Gahašan Hashū (d. 1584) was a chieftain of the Irgen Gioro clan in Giyamuhu fortress. He was a brother-in-law and one of the very first supporters of Nurhaci.

== Biography ==
Gahašan Hashū's father Mutungga was the chieftain of Giyamuhu. His mother, a member of Niohuru clan, was the aunt of Eidu. Gahašan Hashū later succeeded his father's chieftain position.

In 1583, Nomina, the Chieftains of Sarhū, persuaded fellow chieftains Gahašan Hashū, and Cangsu-Yangsu brothers of Gorolo clan in Jan Bira to form an alliance with Nurhaci due to the disappointment with Nikan Wailan, Ming Dynasty-sponsored chieftain of Tulun. In order to obtain adequate military power to revenge the death of Nurhaci's father and grandfather caused by Nikan Wailan, Nurhaci agreed and conducted a formal ceremony to confirm the alliance. However, lured by Nikan Wailan, Nomina planned to betray the alliance not long after. Cangsu brothers and Gahašan Hashū then proposed to Nurhaci the plan to eliminate Nomina before he could possibly take any betrayal actions.

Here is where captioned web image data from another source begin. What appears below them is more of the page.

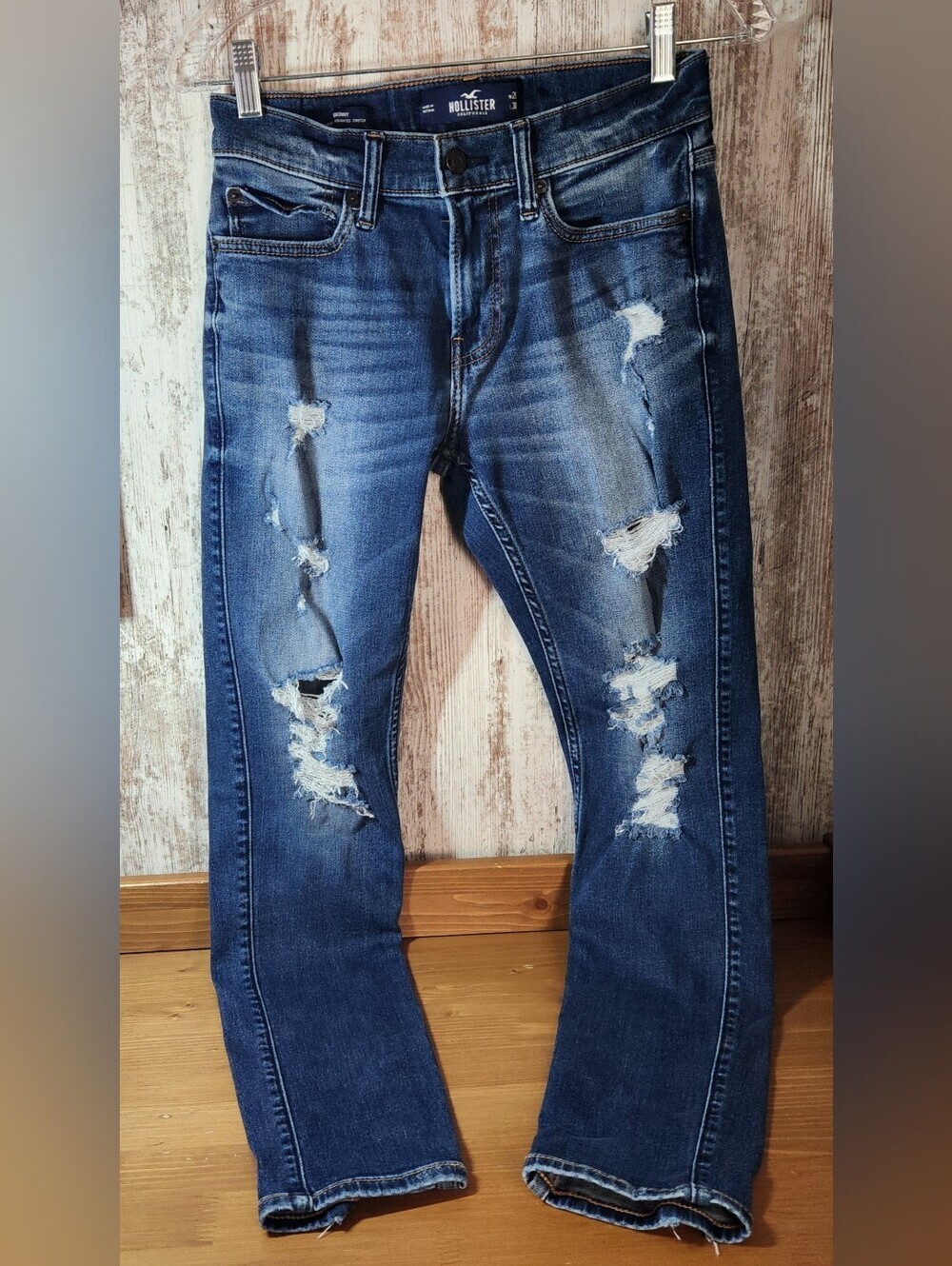 Hollister Women's Distressed Dark Blue Skinny Advanced Stretch  Jeans Size 28/30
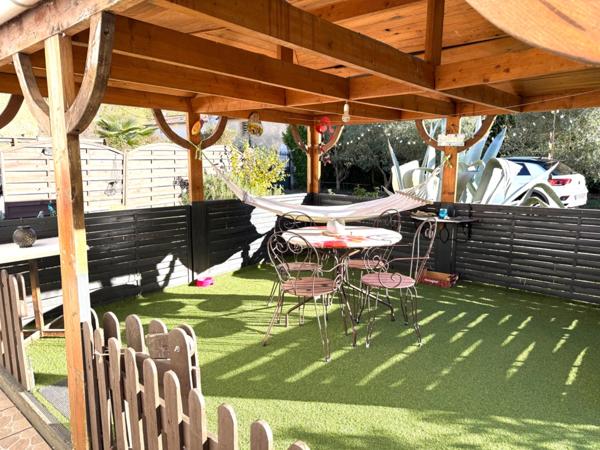 Maison à vendre 12 pièces ()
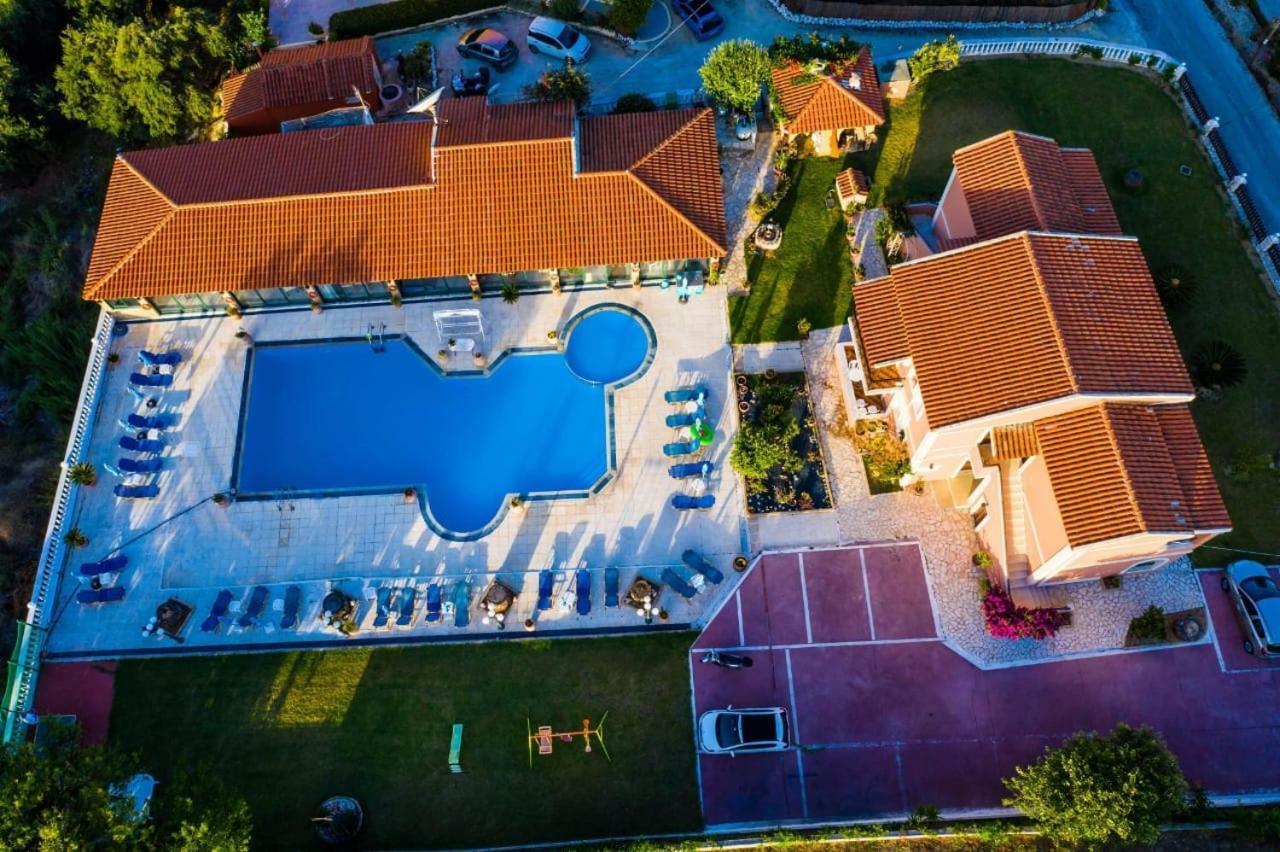 Villa Voula Agios Stefanos Avliotes  ภายนอก รูปภาพ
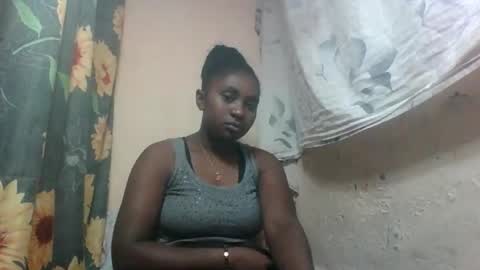 Snapshot of eliannee chatting on 12-05-25, 08:12 eliannee online show from 12-05-25, 08:12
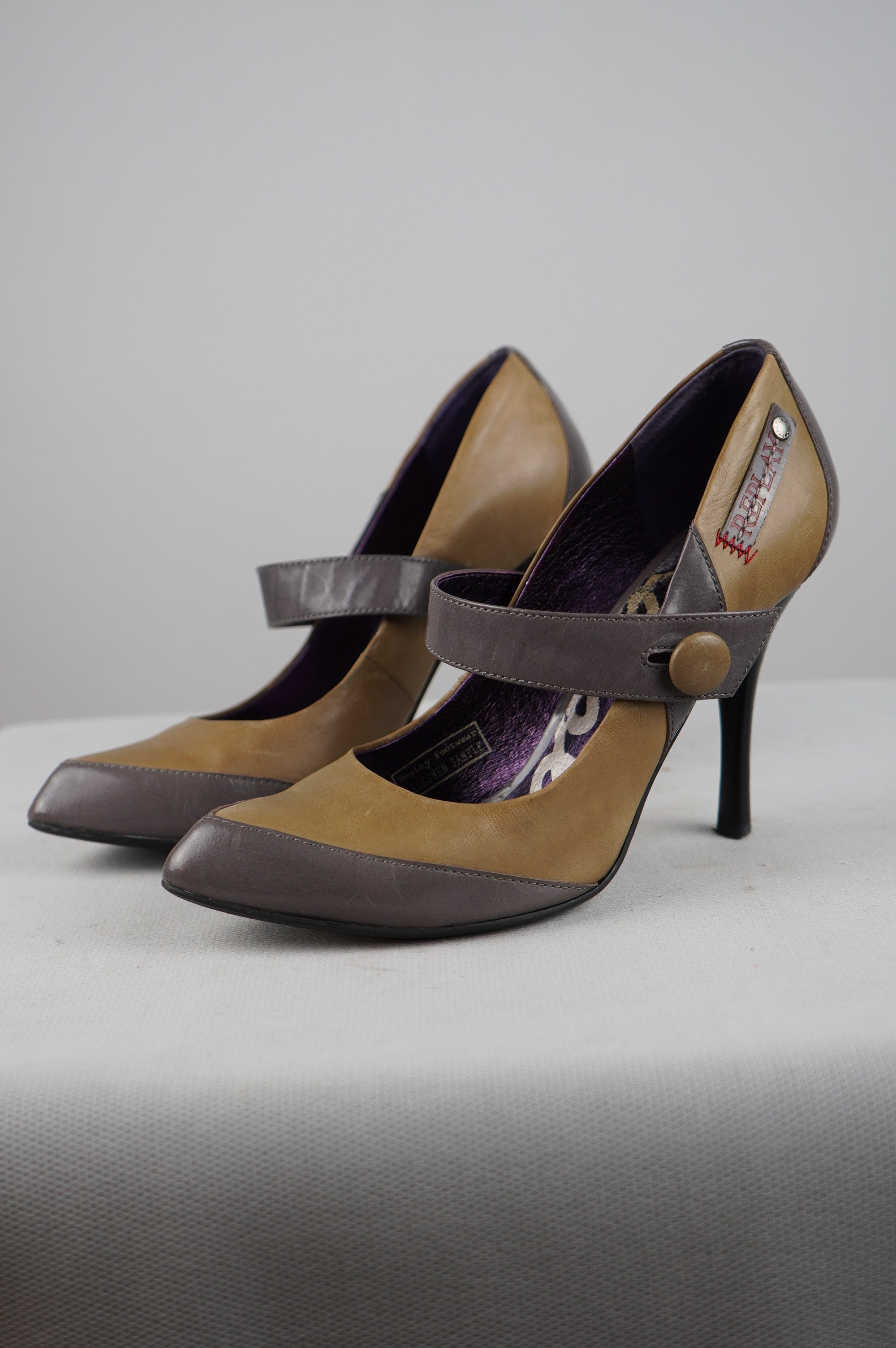 tacchi Replay vintage in vera pelle n 37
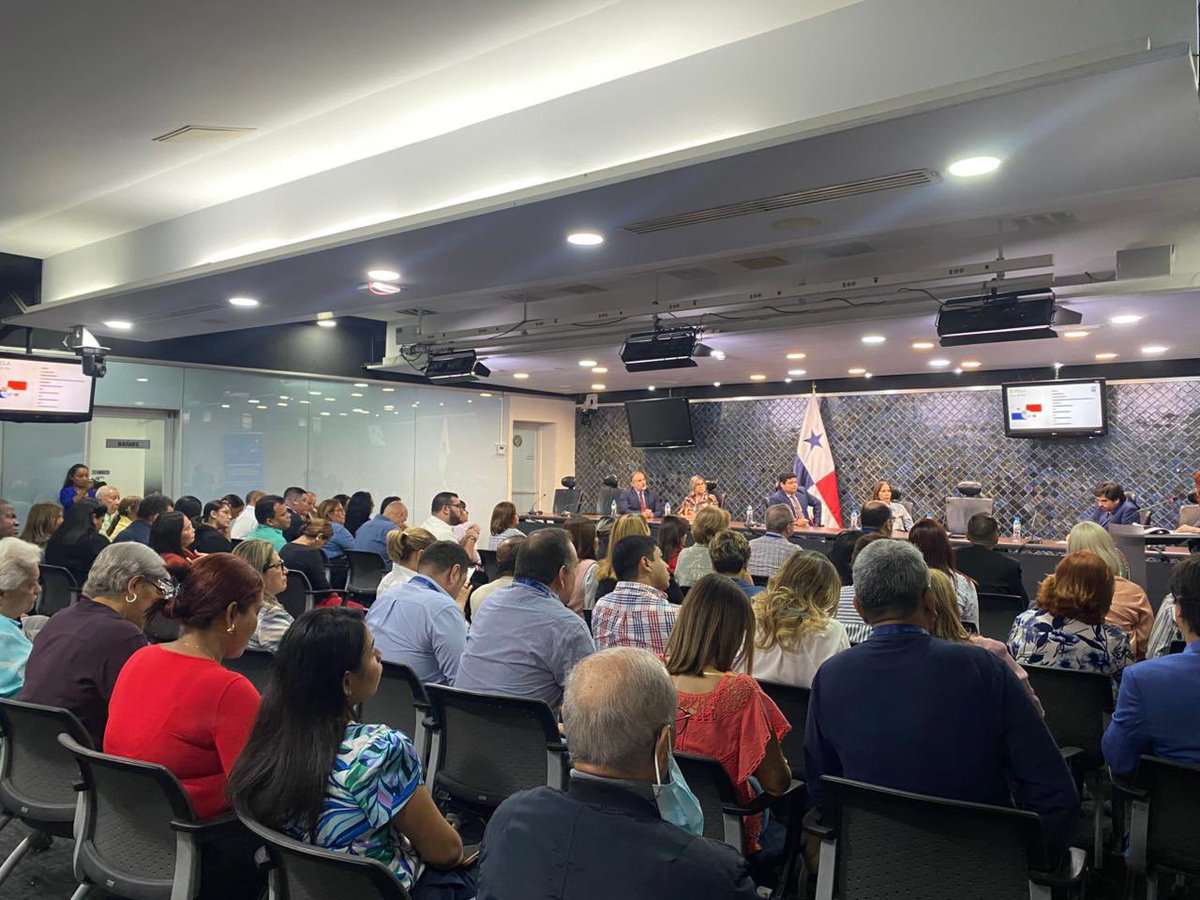 ljconsuegra's tweet image. .@Int_IDEA @idea_int_pa, en colaboración con el @CIEPSPanama y el Centro de Estudios Parlamentarios @asambleapa, con el apoyo de @UEenPanama celebró conferencia “Los Legisladores Importan”, con la presentación de Dra Mercedes García Montero, del Centro de Iberoamérica de @usal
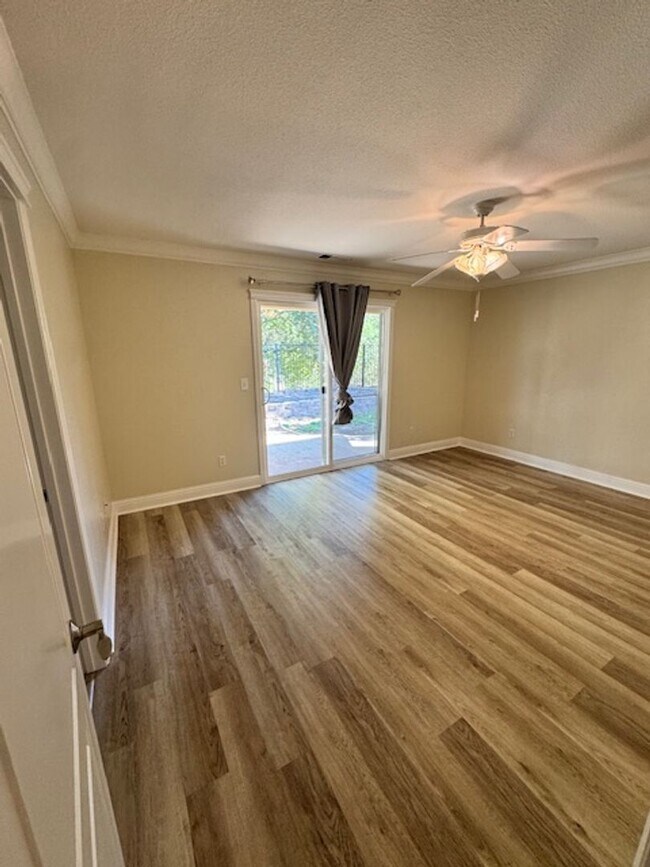 Building Photo - $300 Move in Special - Beautiful South Red...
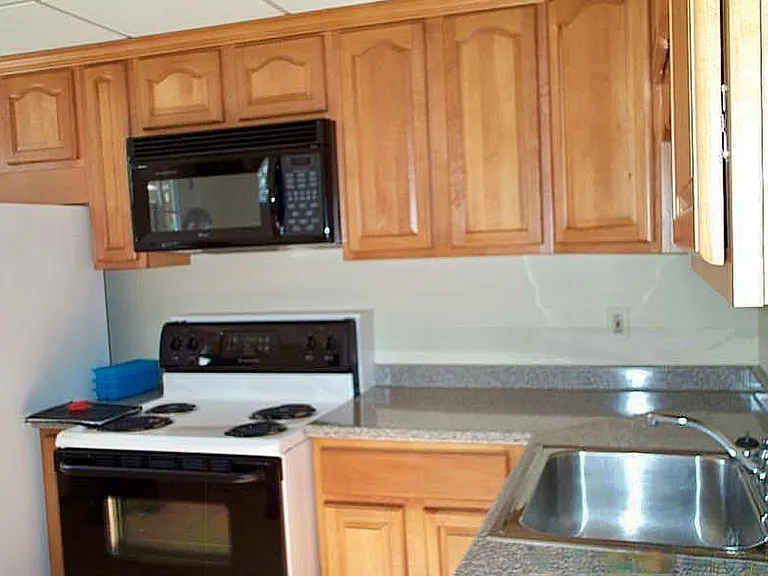 275 South St #6 — Photo 16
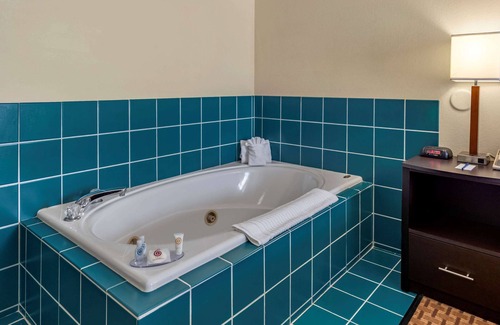 Warsaw Hotel | Comfort Inn & Suites Warsaw near US-30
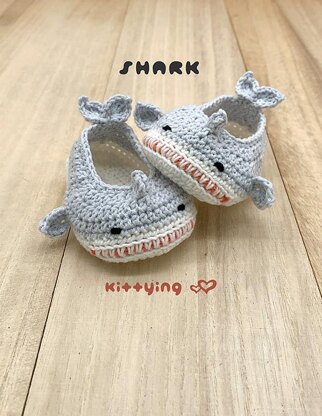 Crochet shark slippers hot sale for toddlers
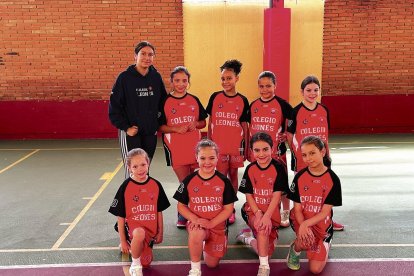 Formación del equipo Leonés San Isidoro del Grupo B.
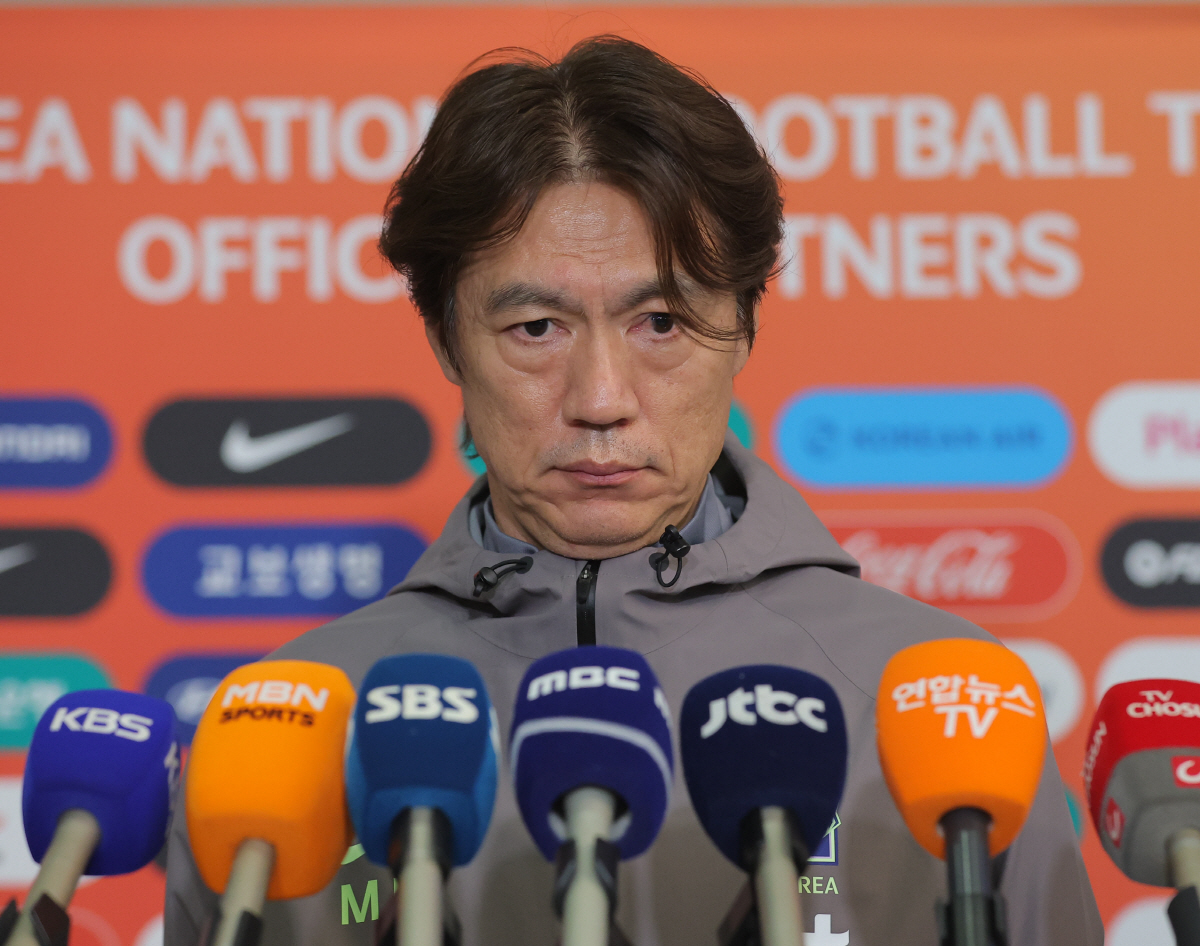 질문 듣는 홍명보 감독 (영종도=연합뉴스) 류영석 기자 = 2026 북중미 월드컵을 앞두고 유럽에서 A매치 2연전을 치른 축구 국가대표팀 홍명보 감독이 2일 인천국제공항 제2여객터미널을 통해 귀국해 취재진 질문을 듣고 있다. 2026.4.2 ondol@yna.co.kr(끝)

At the end of 1583, Nurhaci married his two sisters respectively to Yangsu and Gahašan Hashū as a process of strengthening their alliance. Meanwhile, fearing Nurhaci's revenge campaign could harm the safety of the entire Aisin Gioro clan, Nurhaci's clansman and distant uncle Longdun (龍敦) and Nurhaci's stepmother's brother Samujan (薩木佔) are planning to assassinate Nurhaci. In the first month of 1584, pretending to show willingness of negotiation, they invited Gahašan Hashū to a tribal meeting and killed him through ambush on the way to the meeting location to test the water before executing the assassination plan.

After Gahašan Hashū's death, Nurhaci launched a revenge campaign on Samujan and eventually annexed his tribe. Gahašan Hashū's son, Nacibu, was granted a title of tuwašara hafan and assigned to the Boarded White Banner after the creation of the Eight Banners socio-military system.. Gahašan Hashū's cousin Eidu later became the Founding Five Grand Ministers (開國五大臣) of the Manchu Khanate.